▶ [EXERCISE GOAL]:
Given the material below, return only the lines starting at the line with "Listing Image 6" and ending at the line with "Small🌼 thumbnail 1", exactly as they appear.

───── INPUT

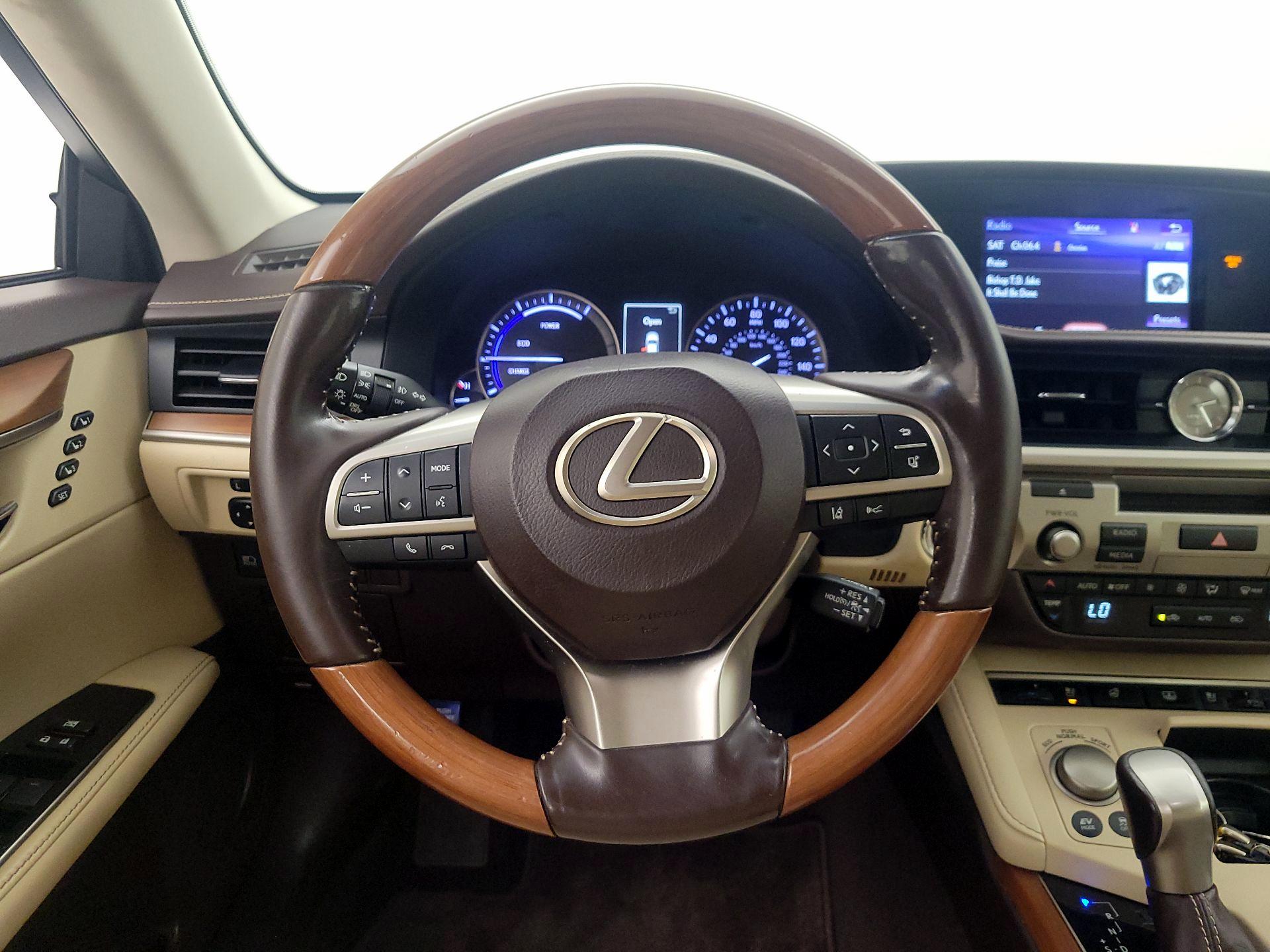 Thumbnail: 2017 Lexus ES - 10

──────────
───── INPUT

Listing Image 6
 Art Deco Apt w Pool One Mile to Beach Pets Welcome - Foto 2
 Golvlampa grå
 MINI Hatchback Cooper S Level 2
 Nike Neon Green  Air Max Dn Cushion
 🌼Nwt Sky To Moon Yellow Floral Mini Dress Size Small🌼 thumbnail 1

──────────

▶ [SOLUTION BELOW]:
Listing Image 6
 Art Deco Apt w Pool One Mile to Beach Pets Welcome - Foto 2
 Golvlampa grå
 MINI Hatchback Cooper S Level 2
 Nike Neon Green  Air Max Dn Cushion
 🌼Nwt Sky To Moon Yellow Floral Mini Dress Size Small🌼 thumbnail 1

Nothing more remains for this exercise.